Dr. Weaver backed away, the color draining from his sunbaked, weathered face with every step. “This can’t be a good sign, Jason. We must leave. Now!”
The older man turned to leave, but Keen had a different idea.
2
Hotel Dolores Alba Chichen
Chichen Itza, Yucatan, Mexico
I awake to the sound of music—and not the Julie Andrews-type either. The opening drums from Werewolves of London, by Warren Zevon, plays as my iPhone vibrates across my hotel room’s nightstand.
I blink awake, a little started and look around, noticing that I’m alone. Where’s Nicole? I think, turning my attention back to the annoying little device. It makes its way to the very edge of the table, just out of reach, teeters a little, then plummets to its hopeful death. As it clunks to the floor and continues to play, it signifies its survival and my unwilling awakening.

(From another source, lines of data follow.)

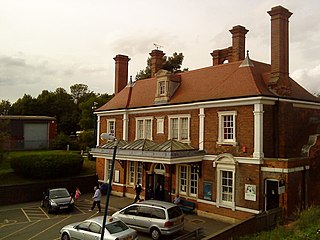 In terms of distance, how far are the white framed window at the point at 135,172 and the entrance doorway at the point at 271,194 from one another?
10.9 m

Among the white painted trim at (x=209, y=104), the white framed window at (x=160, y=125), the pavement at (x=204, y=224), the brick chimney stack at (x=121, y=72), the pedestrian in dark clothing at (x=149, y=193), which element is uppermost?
the brick chimney stack at (x=121, y=72)

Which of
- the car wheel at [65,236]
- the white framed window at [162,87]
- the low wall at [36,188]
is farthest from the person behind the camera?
the white framed window at [162,87]

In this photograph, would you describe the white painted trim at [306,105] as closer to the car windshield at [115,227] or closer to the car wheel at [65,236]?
the car windshield at [115,227]

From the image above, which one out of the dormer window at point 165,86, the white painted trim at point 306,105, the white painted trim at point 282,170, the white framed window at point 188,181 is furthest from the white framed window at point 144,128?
the white painted trim at point 306,105

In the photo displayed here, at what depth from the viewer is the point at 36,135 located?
43406 millimetres

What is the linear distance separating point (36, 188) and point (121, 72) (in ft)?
46.5

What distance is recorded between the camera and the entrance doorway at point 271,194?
59.7 feet

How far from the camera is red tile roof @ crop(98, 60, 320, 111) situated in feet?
65.4

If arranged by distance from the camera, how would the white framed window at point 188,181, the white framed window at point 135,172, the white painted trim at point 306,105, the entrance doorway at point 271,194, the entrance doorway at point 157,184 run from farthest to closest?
the white framed window at point 135,172 → the entrance doorway at point 157,184 → the white framed window at point 188,181 → the white painted trim at point 306,105 → the entrance doorway at point 271,194

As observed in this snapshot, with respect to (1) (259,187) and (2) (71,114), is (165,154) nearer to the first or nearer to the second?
(1) (259,187)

Groaning, I roll to the edge of the bed, clawing at the floorboards of our plainly decorated room, trying to silence the damn thing. Half asleep and not finding it, I swing my feet out and over the side, and begrudgingly get up. “I really hate you,” I say with a moan, cursing phone’s existence… I think. Maybe not the phone per say, but definitely the alarm. It can go straight to hell.
I, like most people around the world, have unknowingly become a slave to my pint-sized dictator. Unfortunately, I also understand that I can’t live without it. Finally, I bend over and pick it up, hitting the ever blissful silence button.
On a positive note…I really like that song and know the ringtone’s lyrics by heart.
I saw a werewolf with a Chinese menu in his hand. Walking through the streets of Soho in the rain. He was looking for the place called Lee Ho Fook's. Gunna’ get a big dish of beef chow mein.
I start howling to myself, like the song dictates, and head for the quaint little kitchen area…if you want to call it that. I grab for the pot of coffee that Nicole must have made while I slept.
She knows me oh-to-well, I think, smiling to myself. Smelling the loving aroma, I breathe a sigh of relief and close my eyes, thanking her one more time.
If you hear him howling around your kitchen door. Better not let him in. Little old lady got mutilated late last night. Werewolves of London again.
I pour myself a mug full of go-go juice and scour the counter for some sugar, but don’t find any, forgetting where we are staying. There isn’t a fridge in any of the not-so-hoity-toity rooms either, so cream is also out of the question. Black it is. We probably could have found a nicer hotel—no offense Mr. and Mrs. Dolores—but chose this place due to its proximity to the park.
Ah-wooo.
I howl the most famous part of the chorus and plop down at the “kitchen” table. I choke down the dark black jet fuel, grimacing at the sharpness of the potent tasting mouthful.
He's the hairy-handed gent, who ran amuck in Kent. Lately, he's been overheard in Mayfair.
Sitting in the uncomfortable wooden chair, I sip the steaming hot drink, trying not to burn the roof of my mouth, but fail…miserably. Inwardly berating myself for not waiting until the coffee cooled down, I rush and set the near-boiling cup of liquid down too fast, spilling some on my hand.
“Damnit!” I silently curse. “Ugh…what a way to start the day.”
Better stay away from him. He'll rip your lungs out, Jim. Huh! I'd like to meet his tailor.
I howl the chorus one more time—when the door to my room swings open and is followed by a woman’s laughter and of course…a loud obnoxious man’s voice.
“No way! You’re shittin’ me?” Shouts the familiar deep voice.
“I swear to you it really happened! You should have seen the look on his face when he told me!” The feminine voice laughs with amusement. I’d probably be giggling too, except this hilarious story is about me…and it’s a doozy.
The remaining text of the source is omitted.